* _DATA SHOWN_
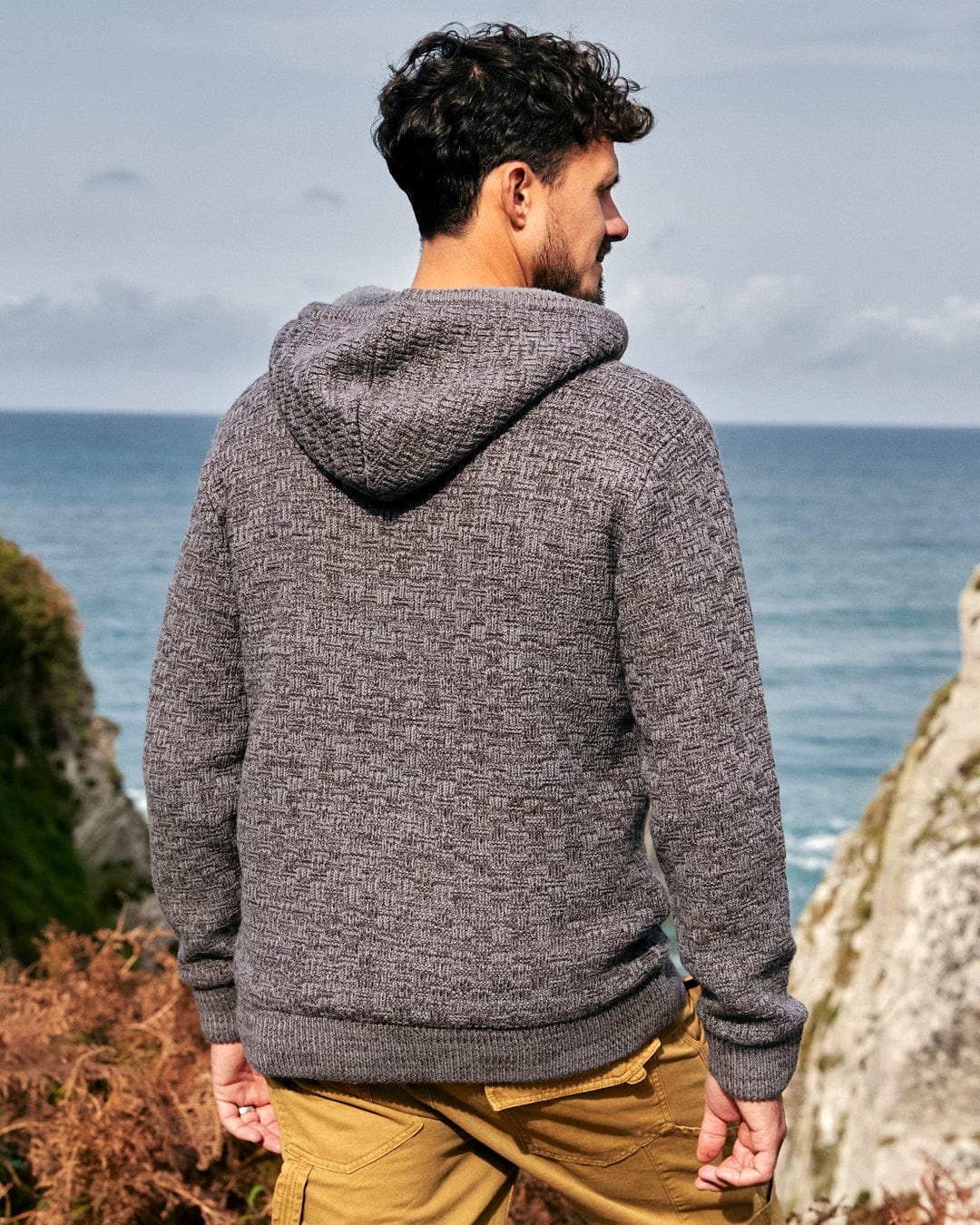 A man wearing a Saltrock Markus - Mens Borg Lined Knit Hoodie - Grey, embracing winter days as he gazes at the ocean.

...

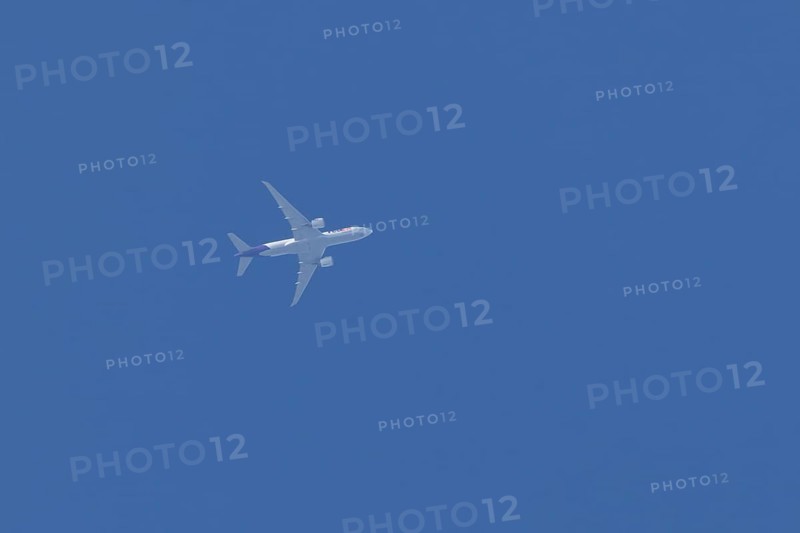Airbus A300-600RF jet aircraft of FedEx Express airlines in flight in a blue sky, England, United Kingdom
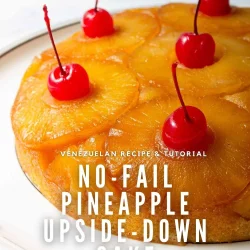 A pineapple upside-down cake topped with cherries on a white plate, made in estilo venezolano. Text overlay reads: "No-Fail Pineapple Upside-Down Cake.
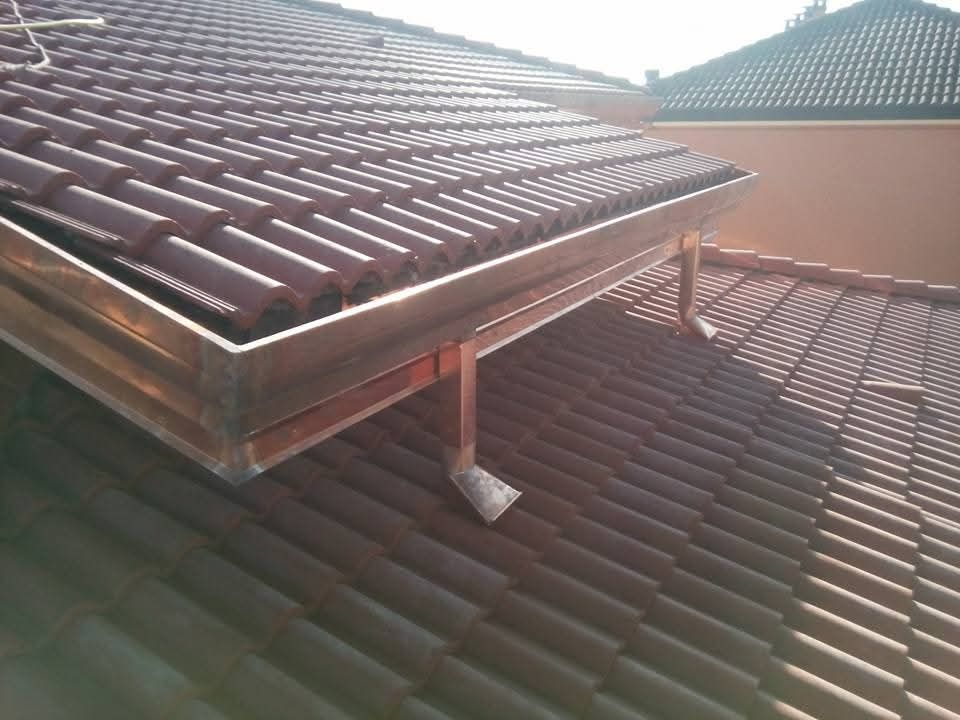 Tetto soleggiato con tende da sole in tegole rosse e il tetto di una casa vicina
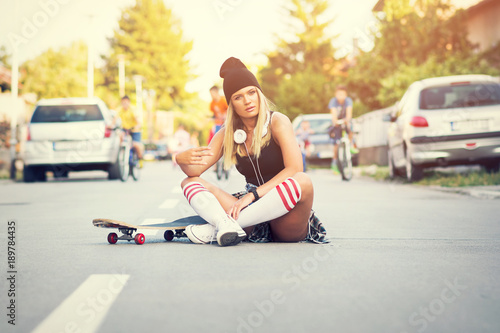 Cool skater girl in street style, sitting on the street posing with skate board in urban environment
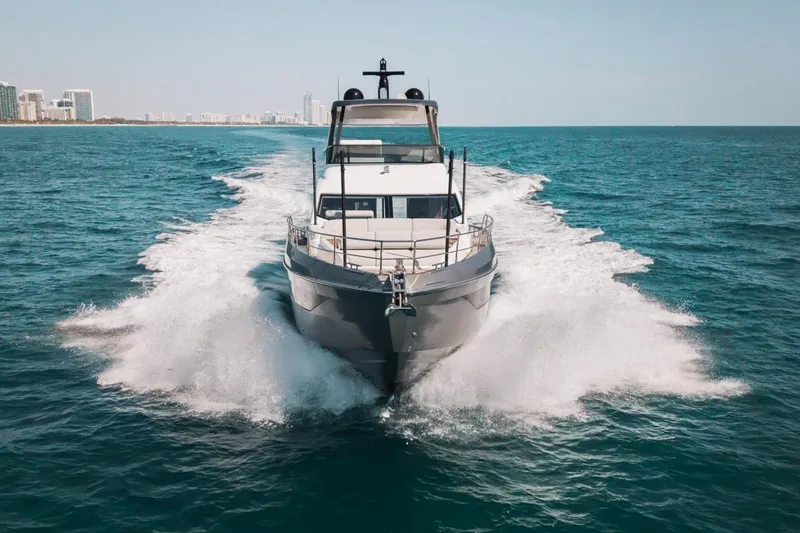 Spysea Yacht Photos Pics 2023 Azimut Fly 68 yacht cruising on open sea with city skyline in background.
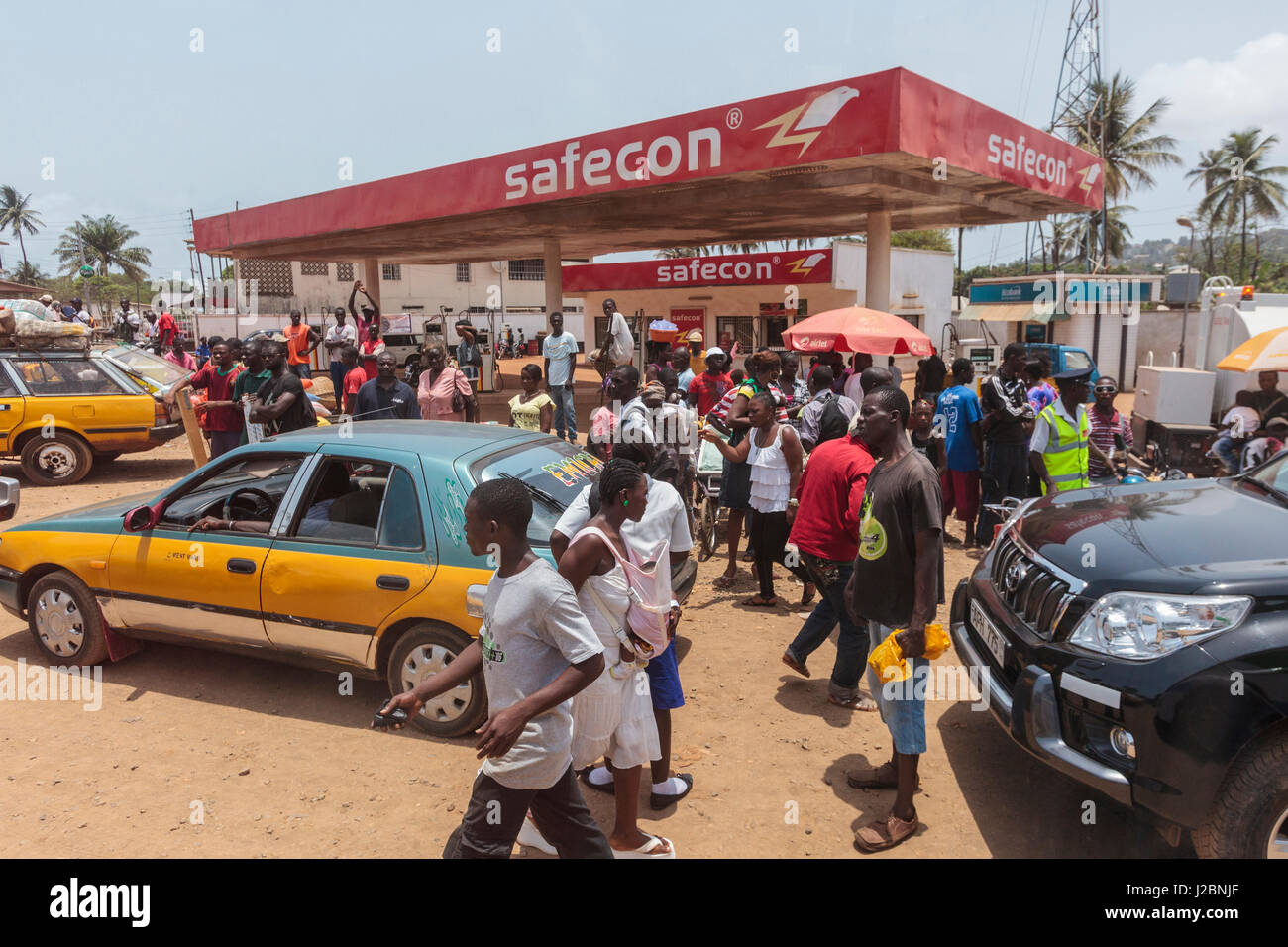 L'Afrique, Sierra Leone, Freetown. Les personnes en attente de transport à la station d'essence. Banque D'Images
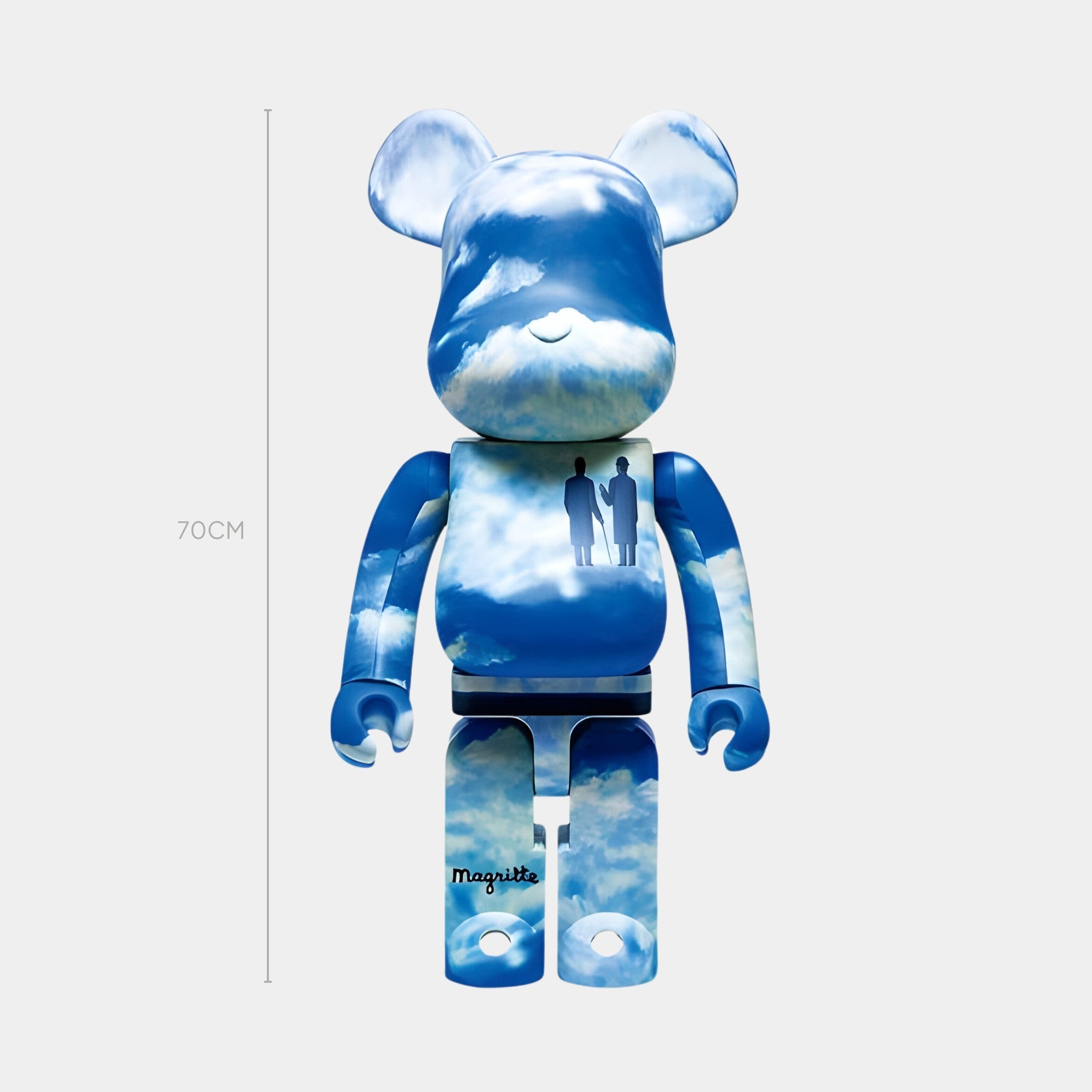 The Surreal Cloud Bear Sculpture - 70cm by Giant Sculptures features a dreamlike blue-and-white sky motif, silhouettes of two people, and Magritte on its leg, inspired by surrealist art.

---

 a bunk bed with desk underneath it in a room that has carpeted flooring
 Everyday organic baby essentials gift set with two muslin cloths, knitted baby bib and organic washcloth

* _EXERCISE DETAILS_
From the records above, copy exactly the lines starting at the one with "L'Afrique, Sierra Leone, Freetown." and ending at the one with "The Surreal Cloud", and no others. Pictures stay out.

* _RESULT OF THE TASK_
 L'Afrique, Sierra Leone, Freetown. Les personnes en attente de transport à la station d'essence. Banque D'Images
 The Surreal Cloud Bear Sculpture - 70cm by Giant Sculptures features a dreamlike blue-and-white sky motif, silhouettes of two people, and Magritte on its leg, inspired by surrealist art.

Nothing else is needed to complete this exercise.